# ABOUT THIS TASK
What is needed here is an exact repetition of the records below, beginning at the line that has "Table d'appoint en sablier Alven, Noir" and stopping after the line that has "Red lace garter".

(Crawled caption data)
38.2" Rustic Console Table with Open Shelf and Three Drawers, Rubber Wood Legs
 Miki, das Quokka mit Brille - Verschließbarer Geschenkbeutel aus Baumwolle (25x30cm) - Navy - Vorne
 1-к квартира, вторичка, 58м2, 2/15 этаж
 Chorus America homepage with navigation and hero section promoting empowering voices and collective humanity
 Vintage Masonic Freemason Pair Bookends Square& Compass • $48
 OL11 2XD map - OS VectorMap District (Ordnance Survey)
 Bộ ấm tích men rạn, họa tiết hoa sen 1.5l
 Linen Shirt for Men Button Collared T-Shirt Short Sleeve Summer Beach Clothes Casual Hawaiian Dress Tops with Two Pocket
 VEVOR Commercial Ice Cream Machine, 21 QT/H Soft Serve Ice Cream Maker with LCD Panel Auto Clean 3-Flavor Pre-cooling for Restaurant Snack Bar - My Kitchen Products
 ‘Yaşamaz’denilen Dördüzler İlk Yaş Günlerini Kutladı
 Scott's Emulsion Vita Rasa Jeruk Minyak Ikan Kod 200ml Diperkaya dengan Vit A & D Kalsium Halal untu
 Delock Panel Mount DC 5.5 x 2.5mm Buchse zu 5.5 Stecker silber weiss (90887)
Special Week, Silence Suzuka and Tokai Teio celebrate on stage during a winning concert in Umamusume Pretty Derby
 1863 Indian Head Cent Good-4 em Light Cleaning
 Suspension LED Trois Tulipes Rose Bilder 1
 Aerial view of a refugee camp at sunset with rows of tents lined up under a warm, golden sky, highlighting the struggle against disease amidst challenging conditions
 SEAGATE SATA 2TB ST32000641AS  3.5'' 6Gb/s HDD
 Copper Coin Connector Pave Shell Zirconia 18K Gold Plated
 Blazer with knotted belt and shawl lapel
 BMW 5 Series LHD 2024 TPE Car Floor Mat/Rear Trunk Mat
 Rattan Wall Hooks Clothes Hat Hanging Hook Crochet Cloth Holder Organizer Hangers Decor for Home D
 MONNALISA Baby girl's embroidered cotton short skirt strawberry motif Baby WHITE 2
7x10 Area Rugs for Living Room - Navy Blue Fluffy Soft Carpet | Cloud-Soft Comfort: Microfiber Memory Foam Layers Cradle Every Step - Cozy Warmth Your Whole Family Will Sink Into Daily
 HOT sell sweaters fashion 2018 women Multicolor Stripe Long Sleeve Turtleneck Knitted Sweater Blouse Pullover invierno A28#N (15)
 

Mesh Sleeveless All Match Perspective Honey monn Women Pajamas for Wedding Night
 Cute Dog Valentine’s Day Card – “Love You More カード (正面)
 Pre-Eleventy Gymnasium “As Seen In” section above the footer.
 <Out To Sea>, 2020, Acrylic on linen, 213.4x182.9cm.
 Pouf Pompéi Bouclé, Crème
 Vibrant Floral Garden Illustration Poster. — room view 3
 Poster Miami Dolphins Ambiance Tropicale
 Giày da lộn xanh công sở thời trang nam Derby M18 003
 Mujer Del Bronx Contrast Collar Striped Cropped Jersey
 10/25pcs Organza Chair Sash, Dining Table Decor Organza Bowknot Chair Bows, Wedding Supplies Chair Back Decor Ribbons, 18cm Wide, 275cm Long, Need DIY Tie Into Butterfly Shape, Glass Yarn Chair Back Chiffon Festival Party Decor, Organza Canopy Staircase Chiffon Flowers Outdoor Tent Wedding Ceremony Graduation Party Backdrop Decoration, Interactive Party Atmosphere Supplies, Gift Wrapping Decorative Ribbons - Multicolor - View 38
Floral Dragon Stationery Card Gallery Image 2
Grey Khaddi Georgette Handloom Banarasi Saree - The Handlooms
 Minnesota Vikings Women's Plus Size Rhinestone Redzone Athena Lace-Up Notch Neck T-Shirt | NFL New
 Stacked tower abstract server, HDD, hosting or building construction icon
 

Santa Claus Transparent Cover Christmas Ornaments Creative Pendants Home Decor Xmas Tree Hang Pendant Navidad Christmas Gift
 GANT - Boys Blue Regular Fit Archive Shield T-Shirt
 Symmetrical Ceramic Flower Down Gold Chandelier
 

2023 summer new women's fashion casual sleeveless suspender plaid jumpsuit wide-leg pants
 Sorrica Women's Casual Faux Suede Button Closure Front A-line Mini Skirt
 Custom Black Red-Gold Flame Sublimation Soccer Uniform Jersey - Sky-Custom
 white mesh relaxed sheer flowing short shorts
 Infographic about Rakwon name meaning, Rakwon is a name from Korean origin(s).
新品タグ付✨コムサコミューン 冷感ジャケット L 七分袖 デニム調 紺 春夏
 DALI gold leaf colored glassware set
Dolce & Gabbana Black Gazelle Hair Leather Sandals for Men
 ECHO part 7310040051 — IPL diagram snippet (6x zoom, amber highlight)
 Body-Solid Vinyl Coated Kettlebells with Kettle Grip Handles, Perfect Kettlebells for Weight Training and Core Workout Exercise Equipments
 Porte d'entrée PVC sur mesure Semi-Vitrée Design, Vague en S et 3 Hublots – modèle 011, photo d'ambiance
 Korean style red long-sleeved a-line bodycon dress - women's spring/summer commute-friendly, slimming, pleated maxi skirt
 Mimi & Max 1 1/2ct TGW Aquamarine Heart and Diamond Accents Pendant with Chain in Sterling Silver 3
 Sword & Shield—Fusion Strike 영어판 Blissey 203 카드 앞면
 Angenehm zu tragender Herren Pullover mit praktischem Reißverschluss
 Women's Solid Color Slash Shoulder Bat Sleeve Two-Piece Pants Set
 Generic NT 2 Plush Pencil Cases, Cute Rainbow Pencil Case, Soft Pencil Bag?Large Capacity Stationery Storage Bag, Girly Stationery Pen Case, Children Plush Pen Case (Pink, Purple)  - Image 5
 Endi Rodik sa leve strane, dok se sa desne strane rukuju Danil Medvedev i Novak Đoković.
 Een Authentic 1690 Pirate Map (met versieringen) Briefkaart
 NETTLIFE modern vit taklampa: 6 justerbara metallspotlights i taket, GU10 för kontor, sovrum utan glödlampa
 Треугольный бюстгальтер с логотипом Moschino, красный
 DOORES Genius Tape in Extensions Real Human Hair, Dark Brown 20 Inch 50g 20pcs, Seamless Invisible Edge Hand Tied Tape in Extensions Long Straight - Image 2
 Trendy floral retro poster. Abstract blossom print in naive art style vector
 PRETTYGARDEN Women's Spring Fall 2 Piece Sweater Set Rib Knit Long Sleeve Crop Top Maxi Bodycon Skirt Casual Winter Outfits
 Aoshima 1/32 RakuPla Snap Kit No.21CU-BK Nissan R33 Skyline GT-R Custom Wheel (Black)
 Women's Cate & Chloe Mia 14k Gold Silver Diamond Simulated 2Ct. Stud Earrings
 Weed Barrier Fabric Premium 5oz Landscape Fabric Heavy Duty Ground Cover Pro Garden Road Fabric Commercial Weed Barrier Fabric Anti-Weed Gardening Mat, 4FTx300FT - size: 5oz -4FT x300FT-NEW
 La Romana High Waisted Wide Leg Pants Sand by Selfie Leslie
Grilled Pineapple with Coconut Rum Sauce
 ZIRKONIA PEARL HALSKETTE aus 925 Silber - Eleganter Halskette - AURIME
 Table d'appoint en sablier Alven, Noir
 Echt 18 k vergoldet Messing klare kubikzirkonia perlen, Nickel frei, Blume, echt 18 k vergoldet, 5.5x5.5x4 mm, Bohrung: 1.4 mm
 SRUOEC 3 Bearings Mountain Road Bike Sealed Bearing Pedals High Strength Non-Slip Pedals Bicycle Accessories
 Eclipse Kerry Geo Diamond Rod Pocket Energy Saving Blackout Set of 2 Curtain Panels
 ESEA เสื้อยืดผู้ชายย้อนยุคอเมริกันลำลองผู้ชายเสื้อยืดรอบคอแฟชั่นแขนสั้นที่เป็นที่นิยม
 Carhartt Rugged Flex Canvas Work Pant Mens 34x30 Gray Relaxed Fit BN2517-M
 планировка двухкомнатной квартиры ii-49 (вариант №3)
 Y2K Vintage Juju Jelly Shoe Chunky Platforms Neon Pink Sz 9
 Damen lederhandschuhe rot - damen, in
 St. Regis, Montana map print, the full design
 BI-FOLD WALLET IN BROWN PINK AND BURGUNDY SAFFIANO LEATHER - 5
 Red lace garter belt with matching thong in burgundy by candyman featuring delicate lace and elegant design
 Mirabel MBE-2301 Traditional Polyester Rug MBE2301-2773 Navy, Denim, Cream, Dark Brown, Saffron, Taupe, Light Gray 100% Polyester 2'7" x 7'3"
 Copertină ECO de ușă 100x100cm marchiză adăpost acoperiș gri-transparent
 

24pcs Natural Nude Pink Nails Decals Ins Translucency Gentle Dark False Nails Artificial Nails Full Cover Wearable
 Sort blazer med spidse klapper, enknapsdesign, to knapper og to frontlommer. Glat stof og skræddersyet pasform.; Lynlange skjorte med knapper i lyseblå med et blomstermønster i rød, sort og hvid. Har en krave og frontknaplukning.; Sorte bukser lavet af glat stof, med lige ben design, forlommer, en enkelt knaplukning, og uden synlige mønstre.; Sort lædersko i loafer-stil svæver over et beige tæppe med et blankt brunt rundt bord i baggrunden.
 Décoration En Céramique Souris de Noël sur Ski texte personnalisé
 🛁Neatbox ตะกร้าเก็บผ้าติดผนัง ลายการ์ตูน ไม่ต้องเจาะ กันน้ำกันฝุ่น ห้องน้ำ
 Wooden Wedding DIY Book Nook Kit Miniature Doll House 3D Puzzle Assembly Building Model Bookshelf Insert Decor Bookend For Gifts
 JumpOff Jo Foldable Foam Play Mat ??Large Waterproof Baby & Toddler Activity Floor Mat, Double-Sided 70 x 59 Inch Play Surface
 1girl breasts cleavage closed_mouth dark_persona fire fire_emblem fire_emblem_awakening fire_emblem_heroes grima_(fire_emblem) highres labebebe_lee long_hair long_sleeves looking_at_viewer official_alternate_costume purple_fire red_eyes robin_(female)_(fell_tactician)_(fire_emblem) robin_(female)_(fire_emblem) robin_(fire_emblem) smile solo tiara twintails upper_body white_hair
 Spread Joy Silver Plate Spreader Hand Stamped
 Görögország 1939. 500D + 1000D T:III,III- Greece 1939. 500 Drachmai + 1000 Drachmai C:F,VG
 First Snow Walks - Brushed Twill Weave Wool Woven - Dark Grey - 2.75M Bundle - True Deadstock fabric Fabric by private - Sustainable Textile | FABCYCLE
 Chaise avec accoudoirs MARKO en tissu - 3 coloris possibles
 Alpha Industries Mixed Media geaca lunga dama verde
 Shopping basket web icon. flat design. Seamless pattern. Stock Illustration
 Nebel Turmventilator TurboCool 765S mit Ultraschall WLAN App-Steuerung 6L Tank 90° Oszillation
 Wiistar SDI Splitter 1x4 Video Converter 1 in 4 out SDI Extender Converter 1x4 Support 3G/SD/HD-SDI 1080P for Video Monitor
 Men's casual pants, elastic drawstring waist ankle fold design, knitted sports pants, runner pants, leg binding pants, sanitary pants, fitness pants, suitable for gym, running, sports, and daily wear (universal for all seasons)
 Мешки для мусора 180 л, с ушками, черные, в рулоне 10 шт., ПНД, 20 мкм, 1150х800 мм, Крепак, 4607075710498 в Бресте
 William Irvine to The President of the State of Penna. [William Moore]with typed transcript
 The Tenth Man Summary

# THE COMPLETED TASK
 Table d'appoint en sablier Alven, Noir
 Echt 18 k vergoldet Messing klare kubikzirkonia perlen, Nickel frei, Blume, echt 18 k vergoldet, 5.5x5.5x4 mm, Bohrung: 1.4 mm
 SRUOEC 3 Bearings Mountain Road Bike Sealed Bearing Pedals High Strength Non-Slip Pedals Bicycle Accessories
 Eclipse Kerry Geo Diamond Rod Pocket Energy Saving Blackout Set of 2 Curtain Panels
 ESEA เสื้อยืดผู้ชายย้อนยุคอเมริกันลำลองผู้ชายเสื้อยืดรอบคอแฟชั่นแขนสั้นที่เป็นที่นิยม
 Carhartt Rugged Flex Canvas Work Pant Mens 34x30 Gray Relaxed Fit BN2517-M
 планировка двухкомнатной квартиры ii-49 (вариант №3)
 Y2K Vintage Juju Jelly Shoe Chunky Platforms Neon Pink Sz 9
 Damen lederhandschuhe rot - damen, in
 St. Regis, Montana map print, the full design
 BI-FOLD WALLET IN BROWN PINK AND BURGUNDY SAFFIANO LEATHER - 5
 Red lace garter belt with matching thong in burgundy by candyman featuring delicate lace and elegant design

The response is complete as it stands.